In 1979, a closed-cycle power plant demonstrated for the first time that an OTEC plant could produce more power that it consumed. A consortium that included the state of Hawaii, Lockheed, Dillingham Corporation, Alfa-Laval, and others built a plant that produced 50 kilowatts gross and 18 kilowatts of net electircal power.

In 1987, engineers from the Solar Energy Research Institute and Argonne National Laboratory produced 8,000 gallons per day of fresh water from the ocean. The research apparatus, installed at the Natural Energy Laboratory of Hawaii, used thermal energy stored in seawater to generate water of a salinity of 86 parts per million, which is suitable for drinking and raising crops.

Heat Exchanger Development

Heat exchangers represent a large fraction of a closed-cycle plant cost because of the low temperature differences between the warm surface water and colder deep water.Tests conducted by Argonne National Laboratory on several designs showed that data obtained from small units and even single tubes could predict performance of large exchabgers.

Tests showed that biofouling of the heat exchangers by warm seawater can be prevented with chlorination of 50 to 100 parts per billion for one hour per day. This level is environmentally acceptable. Samples exposed to cold seawater did not show fouling.

Aluminum alloys rested in warm seawater show acceptable corrosion resistance and alloys tested in cold seawater showed minimal pitting. Use of aluminum heat exchangers is desirable because of low cost, ease of fabrication, and good heat-transfer properties.Copper-based materials that have been traditionally used in marine heat exchangers are not suitable for use with ammonia, the preferred working fluid for closed-cycle OTEC.
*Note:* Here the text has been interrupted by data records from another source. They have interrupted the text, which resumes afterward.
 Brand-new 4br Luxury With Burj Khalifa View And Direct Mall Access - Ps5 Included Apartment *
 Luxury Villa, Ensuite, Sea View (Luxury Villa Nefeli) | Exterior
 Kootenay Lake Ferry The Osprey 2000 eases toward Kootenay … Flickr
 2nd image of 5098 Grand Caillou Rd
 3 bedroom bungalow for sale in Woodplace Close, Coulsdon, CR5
Compact (plate-fin) heat exchanger is promising, provided it could be built of aluminum and kept clean by non-mechanical means.
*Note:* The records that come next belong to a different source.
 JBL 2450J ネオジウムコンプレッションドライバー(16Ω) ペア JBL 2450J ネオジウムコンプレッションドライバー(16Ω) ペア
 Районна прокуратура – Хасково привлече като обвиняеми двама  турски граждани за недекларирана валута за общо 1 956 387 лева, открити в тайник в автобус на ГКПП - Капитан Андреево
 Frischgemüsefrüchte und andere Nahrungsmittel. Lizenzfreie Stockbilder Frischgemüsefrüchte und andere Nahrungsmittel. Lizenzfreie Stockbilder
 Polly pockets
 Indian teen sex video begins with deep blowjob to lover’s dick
Initially, it was believed that heat exchangers would be the most costly portion of OTEC plants, which some estimates indicating exchangers would be half of total plant costs.Success in the above areas reduced the cost for heat exchangers to about 30% of the total; estimates now indcate that the seawater systems may be the most costly part of an OTEC plant.
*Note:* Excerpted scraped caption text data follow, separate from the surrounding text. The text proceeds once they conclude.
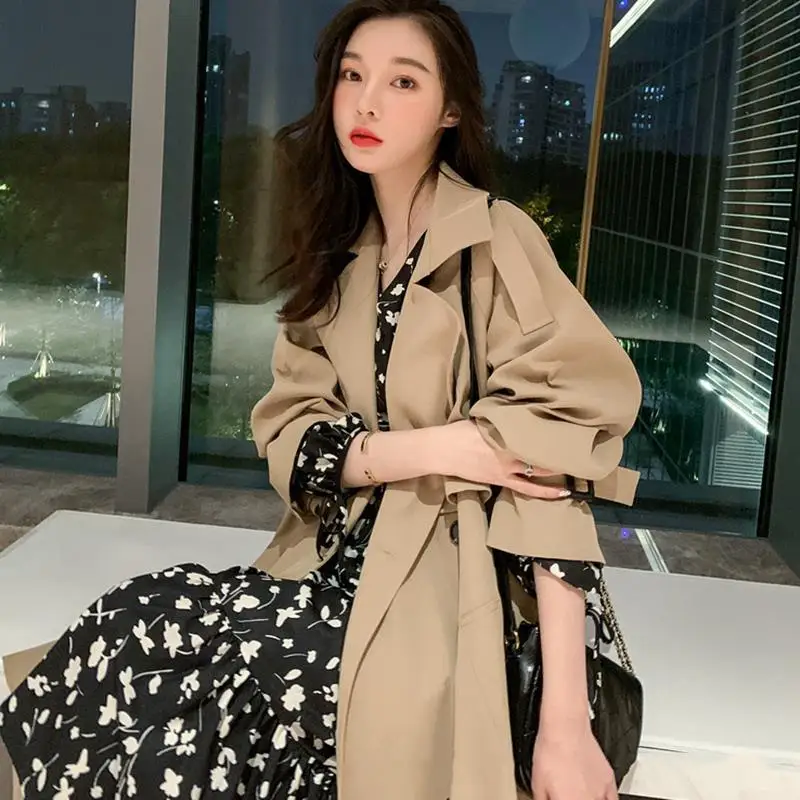 

Khaki windbreaker women's small mid-length autumn England style loose temperament design coat casual coat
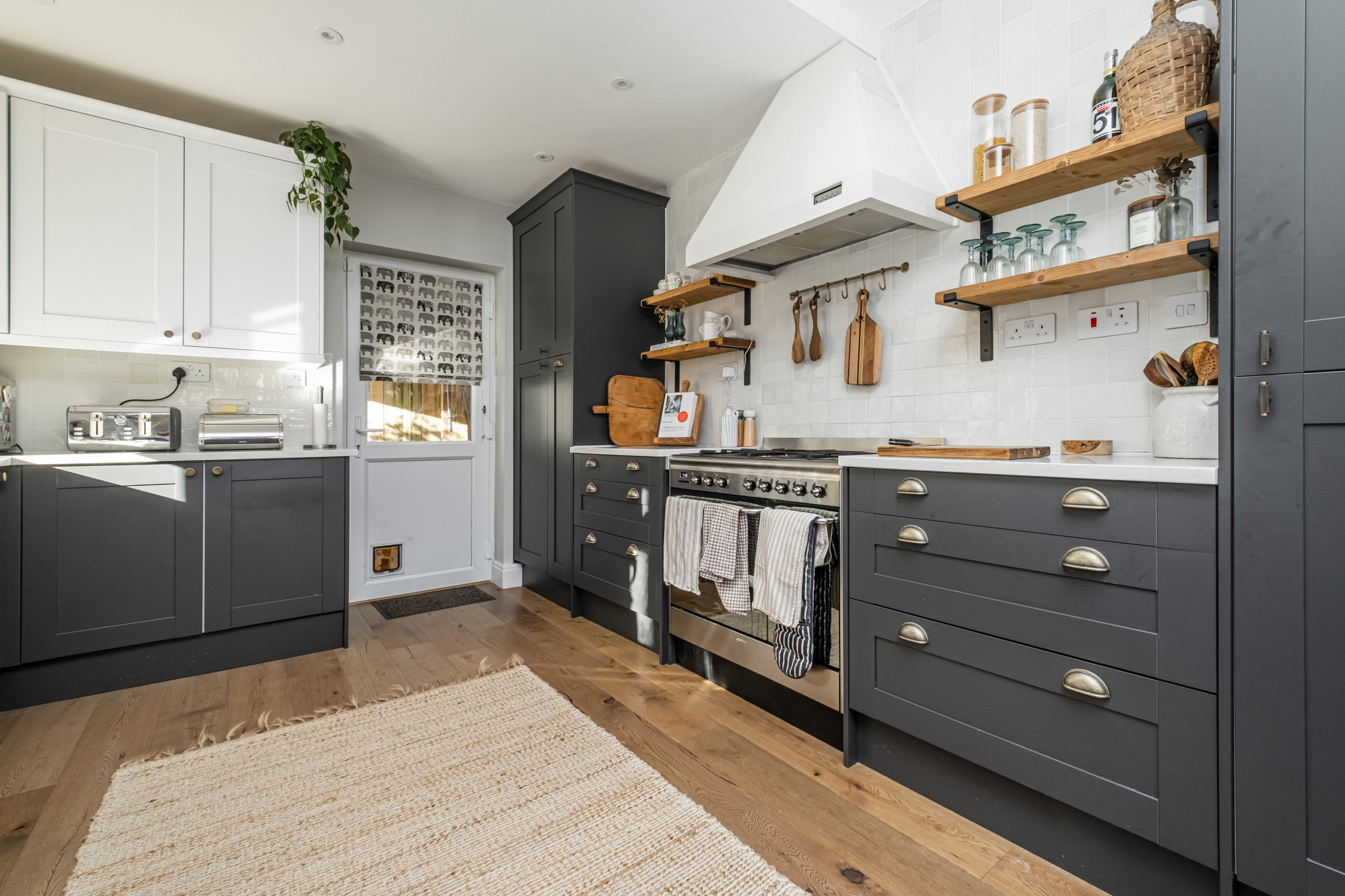 Kitchen - kitchen idea in Surrey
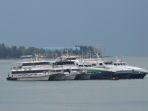 Kapal-ferry-tujuan-internasional-Malaysia-dan-Singapura.jpg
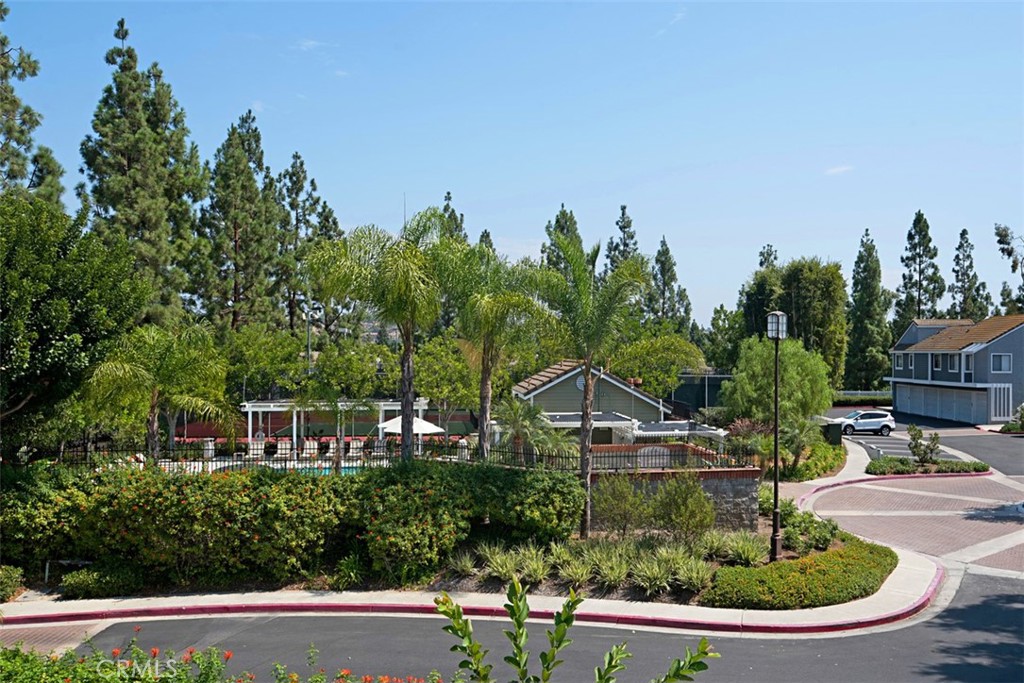 Beautifully landscaped grounds - 40 Hollyhock, Aliso Viejo CA 92656 - photo 32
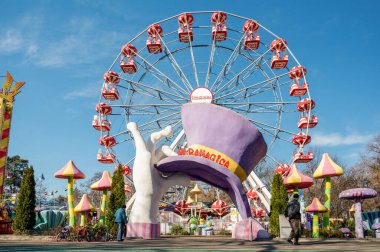 BUCHAREST, ROMANIA - 2021 ARALIK: Miramagica lunaparkı, eğlenceler, ziyaretçiler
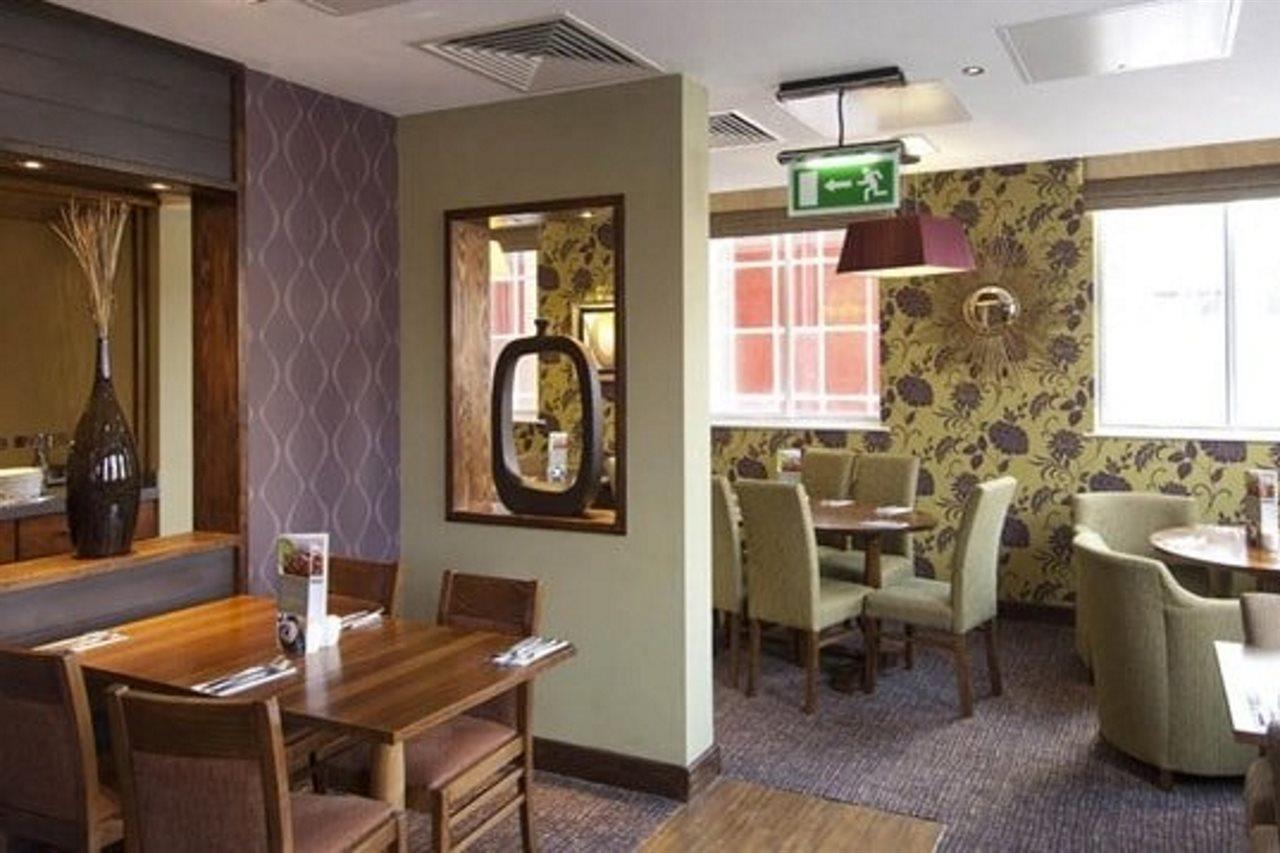 Premier Inn Carlisle - M6 Junction 44 エクステリア 写真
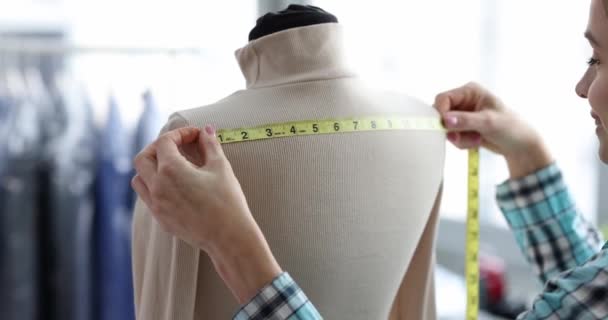 シームストレスはマネキンの服からの測定を取る ホテルコンセプトのテーラリング — ストック動画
Net Power Producing Experiment (NPPE)

The NPPE is designed to produce 215 kilowatts of electrical power (Ed. note: see IOA Newsletter, Vol.2, No.3) using the open-cycle OTEC process. Under the direction of the Pacific International Center for High Technology Research, the experiment will allow testing of both direct-contact and surface condensation. In a direct-contact condenser, no fresh water is produced as a by-product while a surface condenser separates exhaust steam from the cooling seawater, allowing the production of fresh unknown. In the open-cycle concept, the turbine is a major unknown. A large effort has been made to design and consrtuct a suitable turbine for the NPPE; it will be a radial-inflow design with a ninefoot diameter.

Current OTEC Status

Ten-megawatt,   shore-based closed-cycle plants are within established design technology and plant-design concepts have been developed. Economics of such plants can be bracketed but they do not produce fresh water. However, closed cycle with a flash evaporator (hybrid cycle) produces power and water. This has not been built as a system but the components have been tested and there are no major unknowns.

Open cycle produces power and can produce fresh water with the use of a surface condenser. The ability of the open-cycle concept to produce net power has not been shown, but successful testing of the NPPE will demonstrate this.

Future Course for OTEC

The future of OTEC depends on both economic and technical factors. Main economic factors are:1)capital costs that are high in relation to costs for conventional plants and success in reducing these costs; 2)costs of conventional fuels; and 3)marketability of fresh water produced by open-or hybrid-cycle OTEC.

Before any commercial OTEC plant is built, a smaller demonstration plant must prove economic and operational feasibility.

In the open-cycle system, warm seawater is flash-evaporated into steam under vacuum, then passes through the turbine. The surface condenser option has the advantage of producing desalinated water as a byproduce.

Many believe that OTEC will first be commercialized in small island markets where both power and waer are in short supply. There are many potential markets in the Pacific and Caribbean areas where such plants, in the range of 10-40 megawatts, could be built.

Several islands have been identified as potential sites for the initial development: the Hawaiian Islands, Puerto Rico, Guam, Jamaica, the U.S. Virgin Islands, the Philippines, Fuji, American Samoa, Barbados, and the Dominican Republic.